Task brief:
All lines before the one containing "ラピスダズル(LAPIS DAZZLE)/ひげ脱毛★経過途中", plus that line itself, are to be printed exactly as they appear below.

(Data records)
________
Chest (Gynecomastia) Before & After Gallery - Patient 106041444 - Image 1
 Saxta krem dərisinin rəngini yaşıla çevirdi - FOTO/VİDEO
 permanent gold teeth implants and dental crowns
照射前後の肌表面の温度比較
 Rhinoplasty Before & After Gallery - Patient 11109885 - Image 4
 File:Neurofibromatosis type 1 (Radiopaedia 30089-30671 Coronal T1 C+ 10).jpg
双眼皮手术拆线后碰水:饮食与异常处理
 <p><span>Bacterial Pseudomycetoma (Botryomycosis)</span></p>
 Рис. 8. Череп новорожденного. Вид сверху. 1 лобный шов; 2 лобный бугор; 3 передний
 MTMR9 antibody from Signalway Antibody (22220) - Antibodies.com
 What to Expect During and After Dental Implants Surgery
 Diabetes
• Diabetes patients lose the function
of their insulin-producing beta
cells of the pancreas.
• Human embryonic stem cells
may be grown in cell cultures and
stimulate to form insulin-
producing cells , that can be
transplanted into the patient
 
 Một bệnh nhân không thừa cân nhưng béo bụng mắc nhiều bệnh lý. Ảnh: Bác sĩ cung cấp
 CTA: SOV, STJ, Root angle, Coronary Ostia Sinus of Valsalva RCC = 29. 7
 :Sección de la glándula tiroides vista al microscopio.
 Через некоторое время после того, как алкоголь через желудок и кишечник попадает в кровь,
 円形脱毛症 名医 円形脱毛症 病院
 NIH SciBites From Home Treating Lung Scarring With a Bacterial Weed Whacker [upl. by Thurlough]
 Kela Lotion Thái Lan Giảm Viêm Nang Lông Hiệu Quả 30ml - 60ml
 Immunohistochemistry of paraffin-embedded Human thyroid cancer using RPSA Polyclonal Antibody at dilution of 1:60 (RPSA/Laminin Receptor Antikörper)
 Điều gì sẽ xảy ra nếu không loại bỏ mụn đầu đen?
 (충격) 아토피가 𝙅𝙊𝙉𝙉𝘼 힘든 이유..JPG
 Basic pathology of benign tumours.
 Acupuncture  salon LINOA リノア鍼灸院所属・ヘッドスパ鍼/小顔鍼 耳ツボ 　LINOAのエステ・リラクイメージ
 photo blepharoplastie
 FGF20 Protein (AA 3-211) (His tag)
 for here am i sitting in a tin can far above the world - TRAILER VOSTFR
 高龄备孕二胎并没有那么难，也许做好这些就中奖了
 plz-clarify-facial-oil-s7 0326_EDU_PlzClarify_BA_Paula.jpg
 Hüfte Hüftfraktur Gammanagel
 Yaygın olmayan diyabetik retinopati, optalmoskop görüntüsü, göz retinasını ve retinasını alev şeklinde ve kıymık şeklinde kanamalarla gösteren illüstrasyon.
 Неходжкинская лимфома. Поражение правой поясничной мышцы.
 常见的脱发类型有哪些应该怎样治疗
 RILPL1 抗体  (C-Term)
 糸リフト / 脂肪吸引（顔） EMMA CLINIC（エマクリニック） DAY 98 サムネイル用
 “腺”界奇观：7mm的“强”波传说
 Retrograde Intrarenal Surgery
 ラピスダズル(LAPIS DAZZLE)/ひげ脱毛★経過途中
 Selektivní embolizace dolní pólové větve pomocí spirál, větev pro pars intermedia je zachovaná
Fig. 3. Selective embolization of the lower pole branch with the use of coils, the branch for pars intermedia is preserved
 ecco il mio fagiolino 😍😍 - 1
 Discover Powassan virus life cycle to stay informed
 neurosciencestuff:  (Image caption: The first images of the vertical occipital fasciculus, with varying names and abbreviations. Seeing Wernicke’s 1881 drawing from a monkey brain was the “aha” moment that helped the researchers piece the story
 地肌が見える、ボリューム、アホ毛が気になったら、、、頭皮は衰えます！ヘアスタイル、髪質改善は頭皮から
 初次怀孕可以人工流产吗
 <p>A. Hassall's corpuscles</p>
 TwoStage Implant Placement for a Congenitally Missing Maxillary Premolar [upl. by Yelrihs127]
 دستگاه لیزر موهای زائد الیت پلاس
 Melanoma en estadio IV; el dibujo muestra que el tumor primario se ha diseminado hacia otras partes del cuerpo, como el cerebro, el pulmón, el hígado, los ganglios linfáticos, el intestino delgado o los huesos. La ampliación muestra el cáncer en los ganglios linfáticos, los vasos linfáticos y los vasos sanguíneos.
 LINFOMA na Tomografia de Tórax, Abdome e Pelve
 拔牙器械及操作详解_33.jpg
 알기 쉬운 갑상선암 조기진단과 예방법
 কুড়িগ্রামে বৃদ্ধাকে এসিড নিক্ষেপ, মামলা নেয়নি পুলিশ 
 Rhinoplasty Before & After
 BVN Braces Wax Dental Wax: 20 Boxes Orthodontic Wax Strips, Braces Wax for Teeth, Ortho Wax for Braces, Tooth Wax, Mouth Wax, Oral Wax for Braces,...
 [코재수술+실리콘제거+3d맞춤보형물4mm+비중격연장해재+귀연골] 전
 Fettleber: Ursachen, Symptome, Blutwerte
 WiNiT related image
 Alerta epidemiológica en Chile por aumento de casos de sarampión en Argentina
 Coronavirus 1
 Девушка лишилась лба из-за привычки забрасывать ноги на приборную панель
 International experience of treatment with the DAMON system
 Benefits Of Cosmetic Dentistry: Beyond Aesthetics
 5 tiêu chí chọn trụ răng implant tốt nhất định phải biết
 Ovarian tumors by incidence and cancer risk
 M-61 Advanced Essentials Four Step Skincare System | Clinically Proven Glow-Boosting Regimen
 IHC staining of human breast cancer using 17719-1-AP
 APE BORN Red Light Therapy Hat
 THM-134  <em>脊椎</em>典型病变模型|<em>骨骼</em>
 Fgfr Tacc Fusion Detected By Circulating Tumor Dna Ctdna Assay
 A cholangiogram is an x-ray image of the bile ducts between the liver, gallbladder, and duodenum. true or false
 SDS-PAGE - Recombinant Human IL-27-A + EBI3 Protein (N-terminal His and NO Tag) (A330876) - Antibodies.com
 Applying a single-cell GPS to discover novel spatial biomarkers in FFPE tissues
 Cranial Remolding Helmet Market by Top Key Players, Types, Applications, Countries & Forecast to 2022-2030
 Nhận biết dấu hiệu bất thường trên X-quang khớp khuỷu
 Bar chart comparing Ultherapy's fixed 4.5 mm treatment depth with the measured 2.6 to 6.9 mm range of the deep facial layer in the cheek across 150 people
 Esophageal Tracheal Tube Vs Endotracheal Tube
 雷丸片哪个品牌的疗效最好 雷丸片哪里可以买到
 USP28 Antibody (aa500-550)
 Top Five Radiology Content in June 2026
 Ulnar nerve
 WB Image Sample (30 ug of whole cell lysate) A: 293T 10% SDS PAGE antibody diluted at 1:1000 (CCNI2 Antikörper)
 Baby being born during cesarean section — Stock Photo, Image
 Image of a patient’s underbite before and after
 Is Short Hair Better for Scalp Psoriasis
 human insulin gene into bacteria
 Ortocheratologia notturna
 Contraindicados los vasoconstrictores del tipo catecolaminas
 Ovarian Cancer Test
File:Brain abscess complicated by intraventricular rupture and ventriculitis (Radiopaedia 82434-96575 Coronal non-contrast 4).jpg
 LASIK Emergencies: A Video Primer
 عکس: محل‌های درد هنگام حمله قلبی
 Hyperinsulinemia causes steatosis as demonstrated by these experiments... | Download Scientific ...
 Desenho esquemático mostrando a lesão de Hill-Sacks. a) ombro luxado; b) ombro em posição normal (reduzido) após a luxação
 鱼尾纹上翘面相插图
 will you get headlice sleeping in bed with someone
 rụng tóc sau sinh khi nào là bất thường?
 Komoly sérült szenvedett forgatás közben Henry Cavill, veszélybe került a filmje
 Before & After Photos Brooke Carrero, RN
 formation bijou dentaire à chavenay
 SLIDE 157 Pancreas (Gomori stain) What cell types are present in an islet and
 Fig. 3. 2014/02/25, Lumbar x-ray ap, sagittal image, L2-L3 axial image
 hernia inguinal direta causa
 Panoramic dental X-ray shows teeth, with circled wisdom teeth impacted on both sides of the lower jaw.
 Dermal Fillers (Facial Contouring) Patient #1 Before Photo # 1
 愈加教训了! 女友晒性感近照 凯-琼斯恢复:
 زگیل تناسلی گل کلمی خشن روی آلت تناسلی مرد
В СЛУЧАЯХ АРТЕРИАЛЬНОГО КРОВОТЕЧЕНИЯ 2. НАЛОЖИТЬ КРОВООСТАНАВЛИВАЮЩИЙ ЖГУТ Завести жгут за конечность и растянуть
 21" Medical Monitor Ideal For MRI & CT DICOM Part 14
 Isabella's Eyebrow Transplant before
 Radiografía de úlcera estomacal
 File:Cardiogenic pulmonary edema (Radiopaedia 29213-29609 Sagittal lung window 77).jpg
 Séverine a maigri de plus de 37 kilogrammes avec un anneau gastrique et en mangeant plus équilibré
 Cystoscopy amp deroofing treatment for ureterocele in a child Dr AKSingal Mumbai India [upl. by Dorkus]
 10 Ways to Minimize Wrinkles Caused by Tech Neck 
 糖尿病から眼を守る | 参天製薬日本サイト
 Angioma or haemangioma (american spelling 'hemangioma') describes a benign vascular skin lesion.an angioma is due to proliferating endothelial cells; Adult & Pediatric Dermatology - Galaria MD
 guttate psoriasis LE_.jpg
________
Exercise solution:
Chest (Gynecomastia) Before & After Gallery - Patient 106041444 - Image 1
 Saxta krem dərisinin rəngini yaşıla çevirdi - FOTO/VİDEO
 permanent gold teeth implants and dental crowns
照射前後の肌表面の温度比較
 Rhinoplasty Before & After Gallery - Patient 11109885 - Image 4
 File:Neurofibromatosis type 1 (Radiopaedia 30089-30671 Coronal T1 C+ 10).jpg
双眼皮手术拆线后碰水:饮食与异常处理
 <p><span>Bacterial Pseudomycetoma (Botryomycosis)</span></p>
 Рис. 8. Череп новорожденного. Вид сверху. 1 лобный шов; 2 лобный бугор; 3 передний
 MTMR9 antibody from Signalway Antibody (22220) - Antibodies.com
 What to Expect During and After Dental Implants Surgery
 Diabetes
• Diabetes patients lose the function
of their insulin-producing beta
cells of the pancreas.
• Human embryonic stem cells
may be grown in cell cultures and
stimulate to form insulin-
producing cells , that can be
transplanted into the patient
 
 Một bệnh nhân không thừa cân nhưng béo bụng mắc nhiều bệnh lý. Ảnh: Bác sĩ cung cấp
 CTA: SOV, STJ, Root angle, Coronary Ostia Sinus of Valsalva RCC = 29. 7
 :Sección de la glándula tiroides vista al microscopio.
 Через некоторое время после того, как алкоголь через желудок и кишечник попадает в кровь,
 円形脱毛症 名医 円形脱毛症 病院
 NIH SciBites From Home Treating Lung Scarring With a Bacterial Weed Whacker [upl. by Thurlough]
 Kela Lotion Thái Lan Giảm Viêm Nang Lông Hiệu Quả 30ml - 60ml
 Immunohistochemistry of paraffin-embedded Human thyroid cancer using RPSA Polyclonal Antibody at dilution of 1:60 (RPSA/Laminin Receptor Antikörper)
 Điều gì sẽ xảy ra nếu không loại bỏ mụn đầu đen?
 (충격) 아토피가 𝙅𝙊𝙉𝙉𝘼 힘든 이유..JPG
 Basic pathology of benign tumours.
 Acupuncture  salon LINOA リノア鍼灸院所属・ヘッドスパ鍼/小顔鍼 耳ツボ 　LINOAのエステ・リラクイメージ
 photo blepharoplastie
 FGF20 Protein (AA 3-211) (His tag)
 for here am i sitting in a tin can far above the world - TRAILER VOSTFR
 高龄备孕二胎并没有那么难，也许做好这些就中奖了
 plz-clarify-facial-oil-s7 0326_EDU_PlzClarify_BA_Paula.jpg
 Hüfte Hüftfraktur Gammanagel
 Yaygın olmayan diyabetik retinopati, optalmoskop görüntüsü, göz retinasını ve retinasını alev şeklinde ve kıymık şeklinde kanamalarla gösteren illüstrasyon.
 Неходжкинская лимфома. Поражение правой поясничной мышцы.
 常见的脱发类型有哪些应该怎样治疗
 RILPL1 抗体  (C-Term)
 糸リフト / 脂肪吸引（顔） EMMA CLINIC（エマクリニック） DAY 98 サムネイル用
 “腺”界奇观：7mm的“强”波传说
 Retrograde Intrarenal Surgery
 ラピスダズル(LAPIS DAZZLE)/ひげ脱毛★経過途中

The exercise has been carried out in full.